Zoom recording and chat

Theme

  • Assessment of linked data projects

Agenda

Discussion items

ItemWhoNotes
SPARQL updatesPaloma / Michael
  • Paloma - The query to retrieve all items with references that have an HRC Finding Aid URL as a value now work!!! See the slides from the last meeting for updated query.

  • Michael was not able to work on it since the last meeting- busy fall start.

Assessmentall
  • Review of the google doc “Linked Data Assessment Brainstorming Document”.

  • Mary Aycock demonstrated her work on showing value of identity management of faculty through wikidata

    • Python script to search faculty names in google. Using the results, she developed and applied a ranking system

    • Ranking by type of hit:

      • Type (faculty pages, Tx state=3)

      • List of research (research gate=2)

      • Salaries (=1)

      • Unrelated (0)

    • Ranking by its position on the page:

      • Where does the right identity fall on the google results?

      • If displayed first, then they get a 10… (thru 1)

    • Comments:
      • Very interesting approach. Was it Taxing on your time? is it scalable? Not really, a lot of manual work

      • Common names get more hits? Maybe use ORCID id?

      • Is GOOGLE customizing your search results? See TED talk by Eli Pariser: Beware online “filter bubbles”

        • Google is probably using IP address to geolocate your results

        • You can customize a google search by websites?

      • Great effort to try to approach this programmatically

      • Can use incognito or private window, however you can’t obfuscate an IP address.

      • Noticed Knowledge windows popping up now too

    • She is willing to share script
      • Time to start a repository of shared resources but where?!

      • UT enterprise GitHub- can’t use to collaborate.

      • Personal GitHub? Our group’s Wiki?

    • Google analytics?

      • Michael uses it to track usage statistics of the GeoData portal.

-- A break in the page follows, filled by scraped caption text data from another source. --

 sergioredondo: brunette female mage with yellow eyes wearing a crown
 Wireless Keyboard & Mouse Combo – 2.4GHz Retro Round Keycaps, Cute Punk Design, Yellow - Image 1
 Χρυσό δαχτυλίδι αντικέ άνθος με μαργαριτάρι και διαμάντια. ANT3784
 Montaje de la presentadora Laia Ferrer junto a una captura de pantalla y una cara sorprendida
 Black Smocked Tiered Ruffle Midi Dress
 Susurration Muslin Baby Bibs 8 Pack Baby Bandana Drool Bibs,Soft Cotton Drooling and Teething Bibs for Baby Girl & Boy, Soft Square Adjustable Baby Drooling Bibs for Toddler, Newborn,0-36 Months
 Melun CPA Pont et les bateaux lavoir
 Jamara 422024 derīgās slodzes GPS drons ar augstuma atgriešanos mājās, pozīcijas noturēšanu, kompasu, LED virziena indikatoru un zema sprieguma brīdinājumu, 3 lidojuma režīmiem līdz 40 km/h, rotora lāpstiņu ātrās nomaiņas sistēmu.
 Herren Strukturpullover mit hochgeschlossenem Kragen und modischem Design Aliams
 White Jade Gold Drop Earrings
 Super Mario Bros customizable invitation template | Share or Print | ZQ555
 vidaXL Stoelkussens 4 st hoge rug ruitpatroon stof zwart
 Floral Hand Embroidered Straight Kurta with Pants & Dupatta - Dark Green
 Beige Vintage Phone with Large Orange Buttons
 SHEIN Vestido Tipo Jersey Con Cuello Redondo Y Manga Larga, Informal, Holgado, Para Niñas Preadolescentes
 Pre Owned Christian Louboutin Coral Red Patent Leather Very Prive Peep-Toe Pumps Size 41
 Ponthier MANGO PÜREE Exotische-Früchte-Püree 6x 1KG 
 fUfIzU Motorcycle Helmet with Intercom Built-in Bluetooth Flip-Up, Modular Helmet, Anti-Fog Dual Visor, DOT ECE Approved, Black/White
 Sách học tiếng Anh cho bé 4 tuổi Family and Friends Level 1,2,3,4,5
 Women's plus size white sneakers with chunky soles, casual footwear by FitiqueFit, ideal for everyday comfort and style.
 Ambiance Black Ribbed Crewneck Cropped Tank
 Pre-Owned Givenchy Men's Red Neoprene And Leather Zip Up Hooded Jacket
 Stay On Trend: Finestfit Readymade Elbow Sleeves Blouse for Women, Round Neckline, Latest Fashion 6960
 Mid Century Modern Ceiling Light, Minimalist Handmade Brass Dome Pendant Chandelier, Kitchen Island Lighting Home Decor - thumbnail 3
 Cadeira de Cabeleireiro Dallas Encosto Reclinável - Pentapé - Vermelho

        • Monthly alerts that he receives via email. He then uses a script to find them on his inbox and retrieve the important data

      • Mandy uses it as a web administrator. She has access to their website, so unsure how this might apply to Mary’s project.

    • Mary also suggests use of Altmetrics approaches?

  • Qualitative questions

    • Architecture keeps locally the data that they are contributing to wikidata, which gives some backup security, but also means that the data exists in multiple places and tiers

      •  Texas data repository holds original data (no local DB for local authorities)

      • Michael - Still figuring out a programmatic approach to contribute data to wikidata and keep the data on synch. Interest also in assessing workflows

    • Ransom Center has a local DB (SQL) for authority records. Through wikidata project, stablish links between the wikidata item ("archives at", Collection ID, FA link) and the local record (wikidata URI added to the record).
    • Assessing workflows and sustainability (Michael)
      • Where does the data editing take place? And is that part sustainable? Software and expertise requirements? Editing in multiple places? Or moving edits in one direction? How do we do this and then how to assess this?
    • Got a good start on process documentation (josh). Modifying datasets being discussed. Mindful about sustainability (colleagues coming and going, work loads). Ex. Version tracking on Texas data repository to assist versioning in geosystems

      • Documentation on data publishing is a good foundation.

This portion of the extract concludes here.